The New Mexico Farm & Ranch Heritage Museum has added four pieces of artwork to the popular, ongoing exhibit, “Drawn to the Land: Peter Hurd’s New Mexico.”
The Hurd artwork, on loan from the El Paso Museum of Art, includes a large egg tempera painting called “Gold is Where You Find it,” two mural studies — also in egg tempera — as well as a signed print called, “Portrait of Jose.” The mural studies are titled “The Law Comes to West Texas,” and “The Coming of the Spaniards.”
The exhibit opened in the Museum’s Traditions Gallery on Nov. 16 and it will be on display through Sept. 13, 2019. It captures the essence of one of our state’s great artists.

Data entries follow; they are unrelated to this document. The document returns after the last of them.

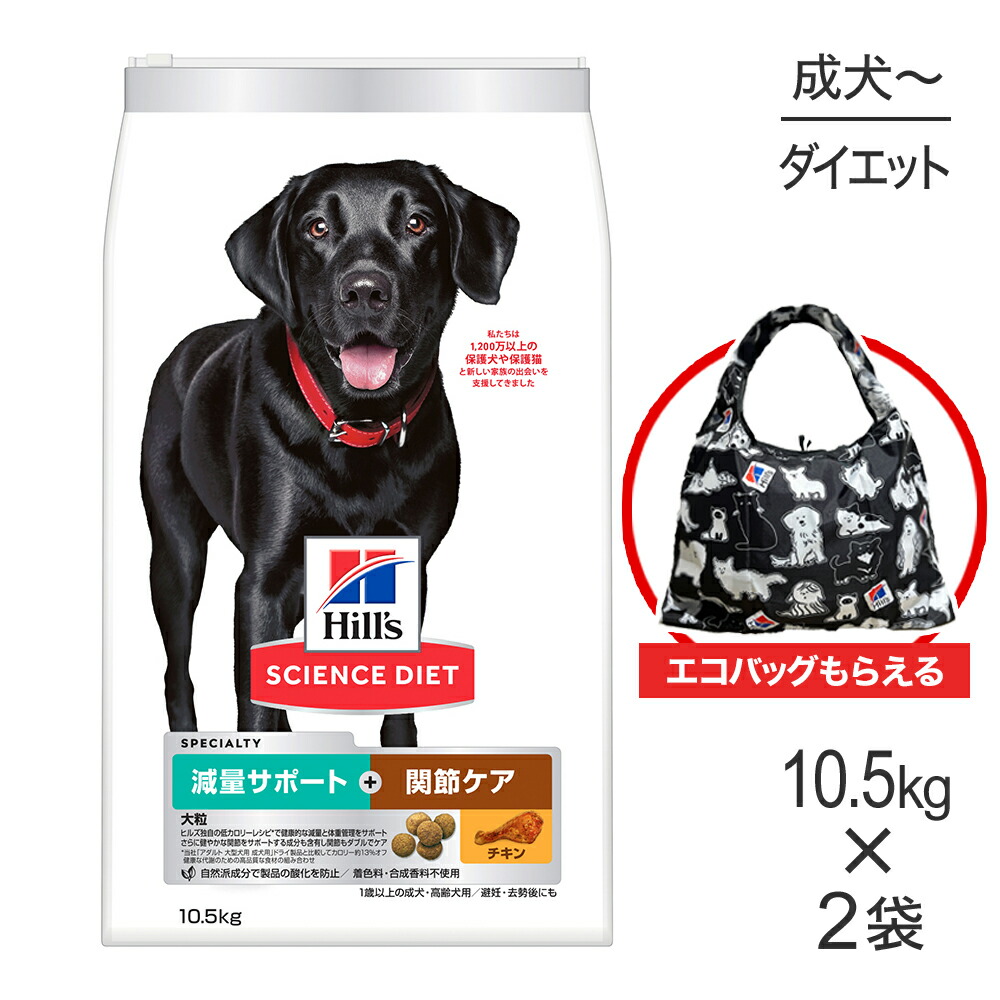 ねこお父ちゃんのデンタルケアに！グリニーズでおいしく世話をする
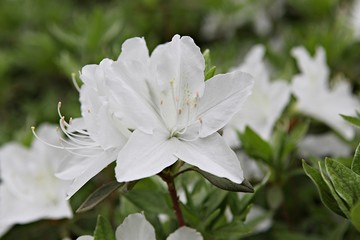 한국 인천시 남동구 인천대공원 입니다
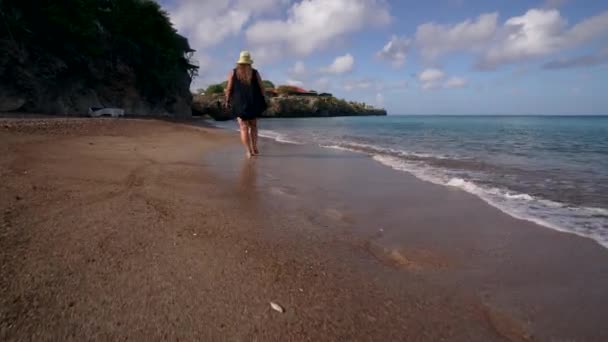 在菜豆海滩上的女人 — 图库视频影像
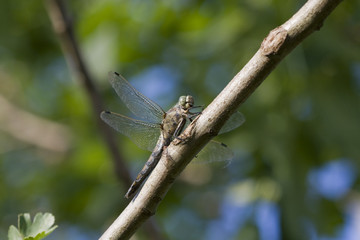 libelle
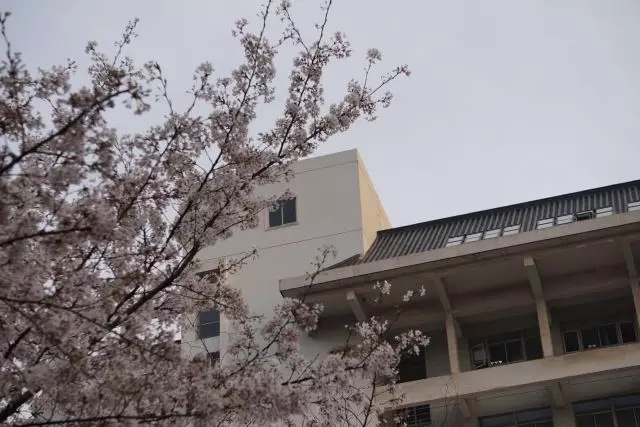 江苏省宁海商标事务所有限公司 江苏省宁海商标事务所有限公司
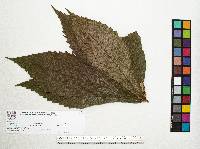 Quercus insignis image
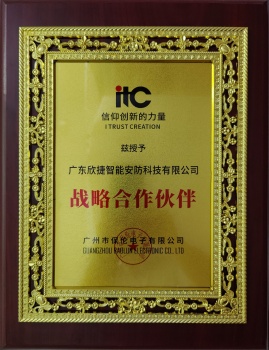 战略合作伙伴[广州保伦电子]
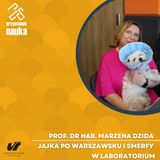 Prof. dr hab. Marzena Dzida | Jajka po warszawsku i smerfy w laboratorium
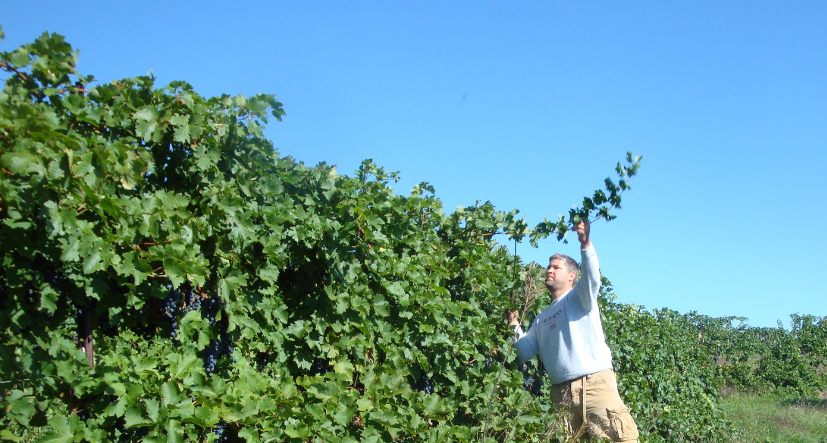 Excessive vine vigor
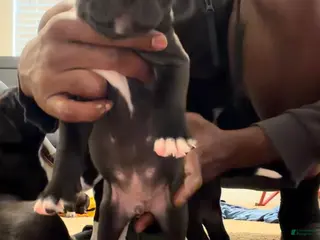 Mixed Breed dogs Mixed Breed Puppy 4 - Ad 5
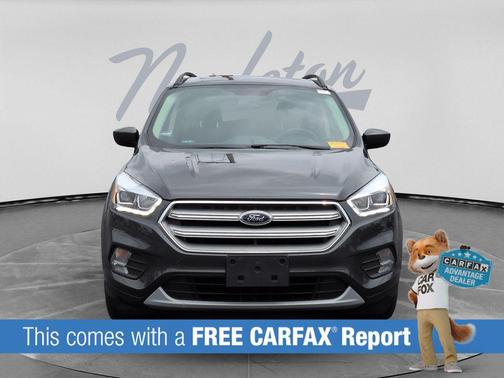 Magnetic 2019 Ford Escape SEL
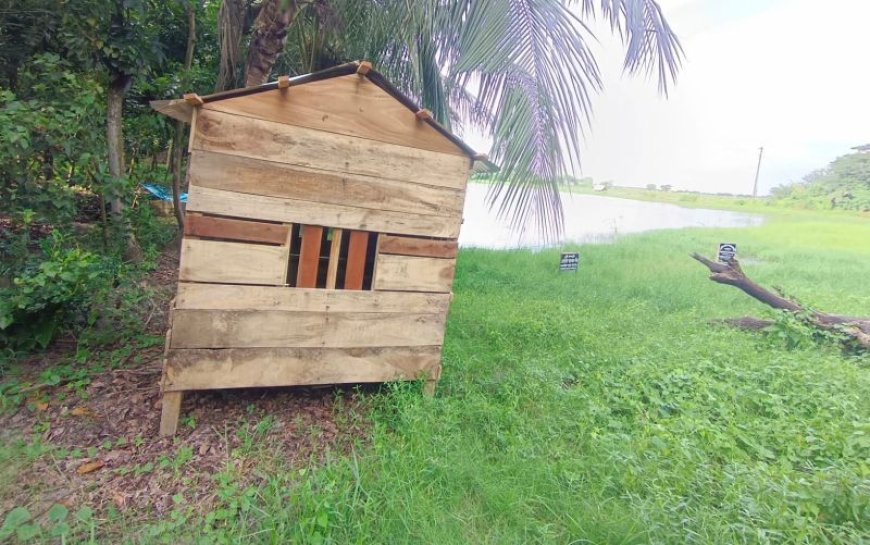 দেবহাটা জমি নিয়ে বিরোধ, ন্যায়বিচার চান জমির মালিক আব্দুস সামাদ   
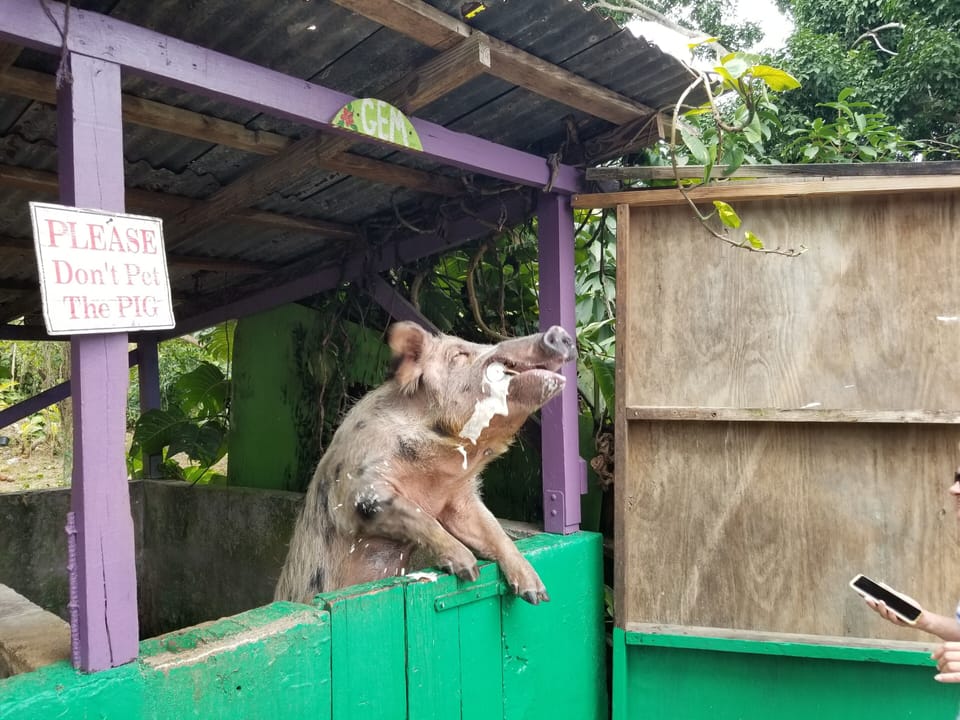 Beer Drinking Pigs at the Domino Club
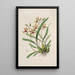 Sertum orchidaceum A crown of the most beautiful orchid flowers Pl34 - John Lindley — framed artwork on a wall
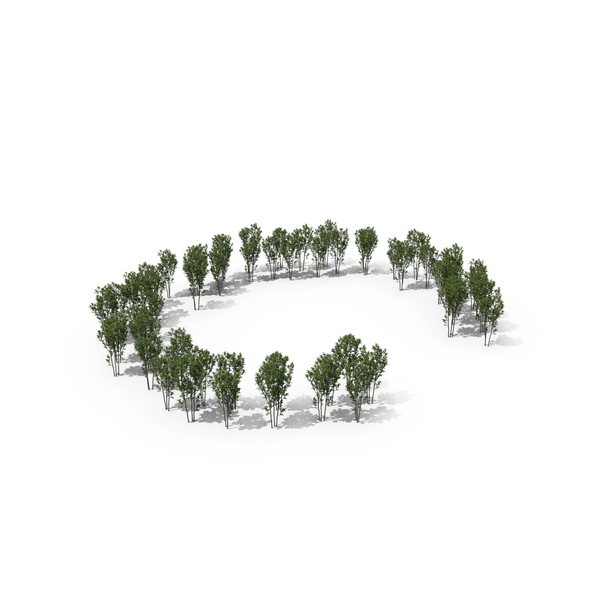 Language: Magnolia Liliflora Tree Letter C PNG & PSD Images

Aside from the 24 paintings, the exhibit some of Hurd’s belongings, including one of his palettes with brushes, a pair of chaps, boots, sombrero, guitar, and polo helmet and mallet. The show, which includes loans from the Hurd La Rinconada Gallery in San Patricio, N.M., has a video about Hurd (1904-1984).
“We’re so pleased to present the work of Peter Hurd at the New Mexico Farm & Ranch Heritage Museum,” said Lisa Pugh, the Museum’s Chief Curator. “Through his portraits and paintings, Hurd celebrated a uniquely New Mexican way of life and depicted the inexplicable beauty of the southern high plains in a way no other artist could.”
Hurd, who was born and raised in the Roswell area, settled in the Hondo Valley after attending West Point, serving as a war artist correspondent during World War II, and living in Pennsylvania, where he met his wife, Henriette Wyeth. The artist is celebrated for his realistic portraits and luminous Southwestern landscapes that feature the vegetation, rolling hills, windmills, water tanks, and ever-changing skies of the area in Lincoln and Chaves counties.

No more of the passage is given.